Every year in August, the Scottish capital plays host to the Edinburgh International Festival, Edinburgh International Festival Fringe, Edinburgh International Book Festival, Edinburgh Mela, Edinburgh Art Festival and the Royal Edinburgh Military Tattoo. At its peak, more than 25,000 artists, entertainers and thinkers populate the city with over 1,000 shows per day.

The world’s biggest arts festival just keeps growing larger by the year. This year, the Edinburgh International and Fringe festivals, which started together for the first time since 1998, will bring together the best of both worlds.

This year the Edinburgh International Festival officially opened with the Harmonium Project – a free outdoor event that also marked the 50th anniversary of the Edinburgh Festival Chorus. The project, created by 59 Productions, combined John Adams’s choral work Harmonium with a series of spectacular animations that were projected onto the outside of the venue —Usher Hall.

Other musical highlights over the weekend at the Usher Hall include the BBC Scottish Symphony Orchestra conducted by Donald Runnicles, and Celtic Dialogues with Jordi Savall, Martin Hayes and Dennis Cahill. The Queens Hall series opens with the Nash Ensemble, whilst Rudolf Buchbinder begins his cycle of Beethoven piano sonatas at the Playfair Library Hall.

Fergus Linehan, Edinburgh International Festival Director said: “It is now time for the team at the Edinburgh International Festival to take a back seat and leave audiences in the hands of the thousands of extraordinary artists that are arriving in our city to light up our theatres and concert halls.

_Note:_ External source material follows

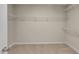 Spacious walk-in closet with ample shelving and carpeted flooring at 279 Providence Creek Dr, Fuquay Varina, NC 27526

Here's to the courage and generosity of all of all those up onstage and thank you from all of us in the shadows”.

Meanwhile, over the three weeks of the Fringe there will be more than 50,000 performances of 3,314 shows, most of which are billed as comedy. Chief executive of the Edinburgh Festival Fringe Society, Kath Mainland, said it was the largest, oldest, most renowned festival in the world.

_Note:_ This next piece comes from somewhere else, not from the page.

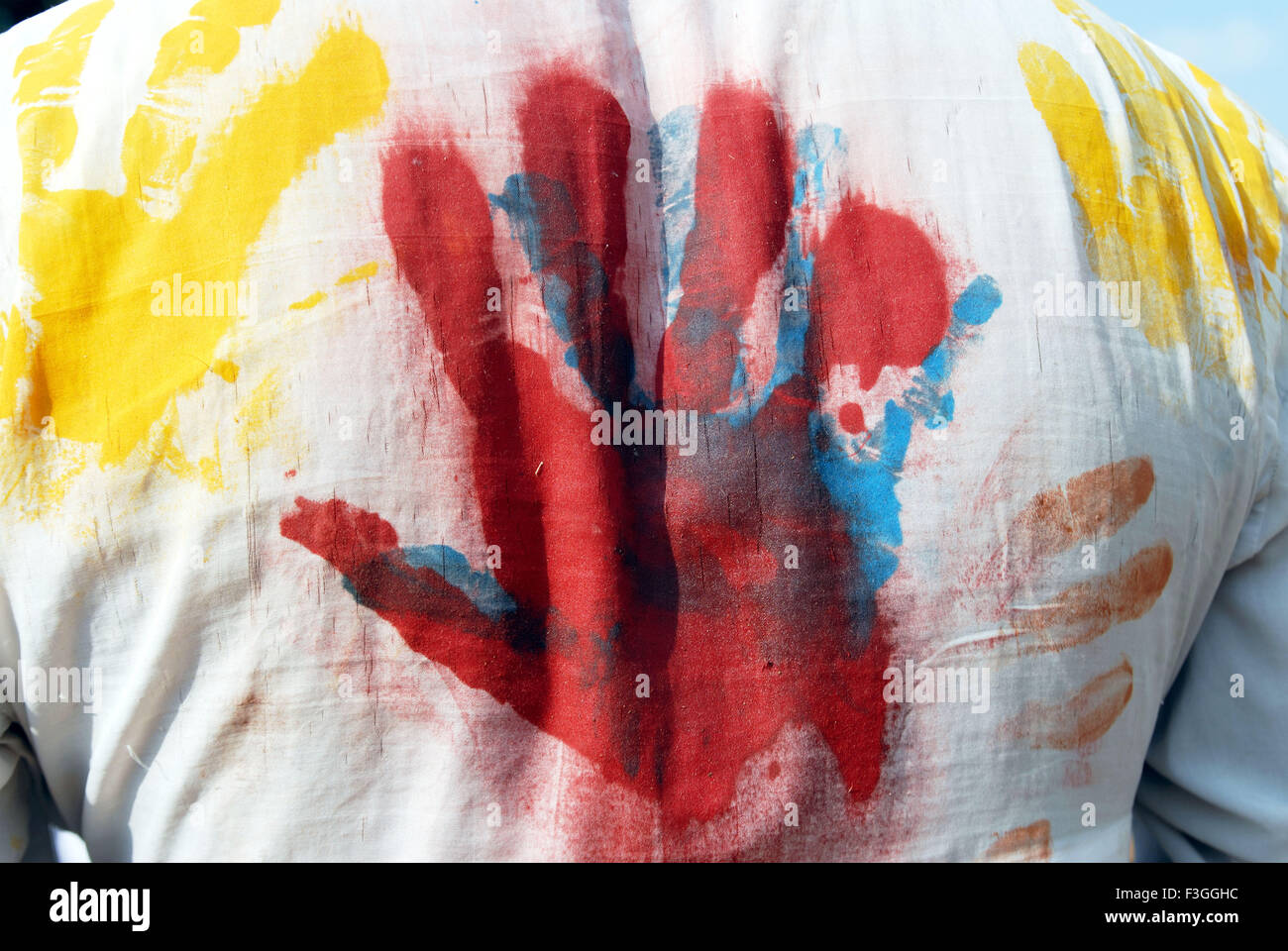 holi featival, red palm hand print on white shirt, india, asia Stock Photo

“Every year we think we know what it’s going to deliver, but every year it surprises, delights, amazes and inspires. The Fringe is a festival like no other,” she said. “Completely open access – where artists don’t need to wait for an invitation, where anyone with a story to tell is welcome. Where there’s no curator, no vetting, no barriers; just incredible talent from almost 50 countries all over the world.”

Throughout the festival hundreds of awards will be handed out to acts from almost 50 countries, including Japan, South Korea, Russia and Finland. It has a reputation for giving new talent its big break, and Mainland said its importance could not be underestimated.

“It’s an incredibly important festival for Scotland, the UK and our performing artists. A vital platform to showcase the range and diversity of creative skills on offer,” she said. “It is a profoundly international marketplace which can have transformative effects on careers. It is an explosion of culture which can be life-changing for the audience. And lots and lots of fun.”